Sensing the shifts in customer expectations, brands may as well go for redesign and upgrade of their legacy systems. This practice is common today, one of such recent cases being Sleepers in Seattle, a US furniture store. Migrating their existing website to a more scalable technology and adding one more, brand new online store to their portfolio, the brand managed to completely redefine the digital experience they bring to their customers, including the introduction of a shared basket across the two websites for a truly seamless customer experience. Altogether, this resulted in winning a wider audience and hitting higher sales.
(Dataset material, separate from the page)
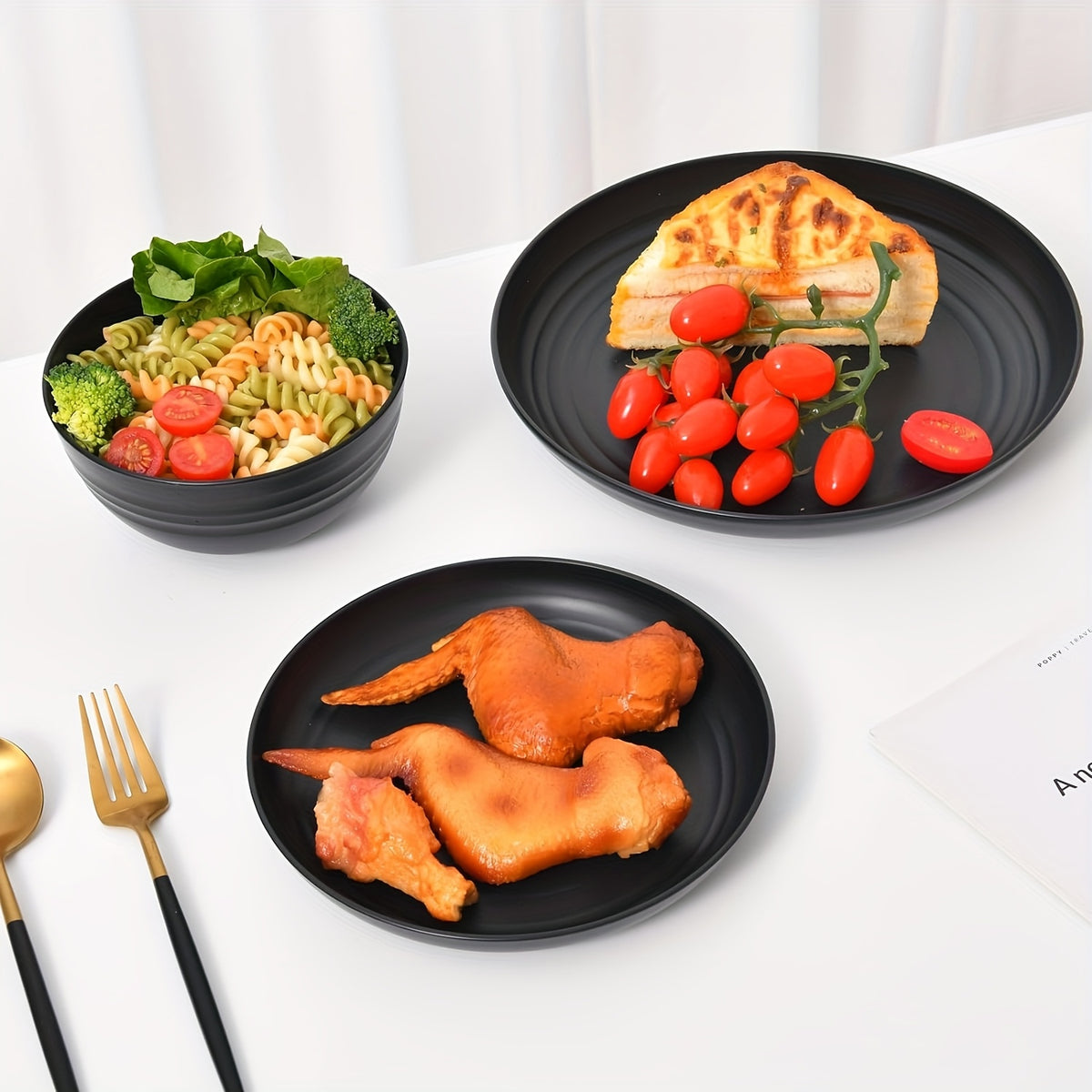 16pcs/32pcs Kitchen Wheat Straw Large Size Dinnerware Set, for 4/8, Unbreakable Modern Dish Set Dinner Plate/Dessert Plate/Cereal Bowl/Cup, Dishwasher Safe, Lightweight Tableware, Camping And Everyday Use, Gifts for Men/Women/Christmas/Halloween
Time to join the front line

For e-commerce brands anxious to stay afloat or to enter the market, competing in digital experience above all is the answer. This is the new competitive advantage, and the new reality of selling to digital-bound millennials. The journey can be a bit bumpy, but with a whole array of success stories, it gets less scary. The flipside though is the accelerating speed of innovations that is driven by brands’ race to win a bigger share of customer wallet on a limited retail market. This puts digital transformation on the agenda of every e-commerce brand – those who finish last in the race will just see their prospective customers waving them goodbye on the way to another store.

Adriana Blum

  • Masha Marinina

    Providing a true personalised experience for a customer is a very complex process. Previously that customer had been lumped into a market segment based on a few parameters such as age, gender and spend. This is a very broad brush. Let us take a 35-year old female customer as an example. Is she a working professional who commutes, self-employed and working from home or a full-time mom? Does she have a husband and children? How does she get to the store? Why does she visit your store 4 times, but only purchase every 4th visit? If you cannot answer these questions, you are probably not going to target her with any useful messages, and probably only create irritation. This is where the creation of personas can be useful. Define your ideal customer as a persona with as much detail as you can, then match your customer database against this persona. This will highlight data gaps. You can fill them using existing data such as your shopping basket intelligence and publicly shared social media. Even privacy settings on social media can tell you a lot about your customer – if she has set them to high, she will probably not be thrilled to receive SMSes in store based on her personal data, whereas her counterpart who shares everything publicly will probably appreciate them, but is also flooded with messages from your competitors. This is not an easy win, and no amount of technology will help without a true customer understanding.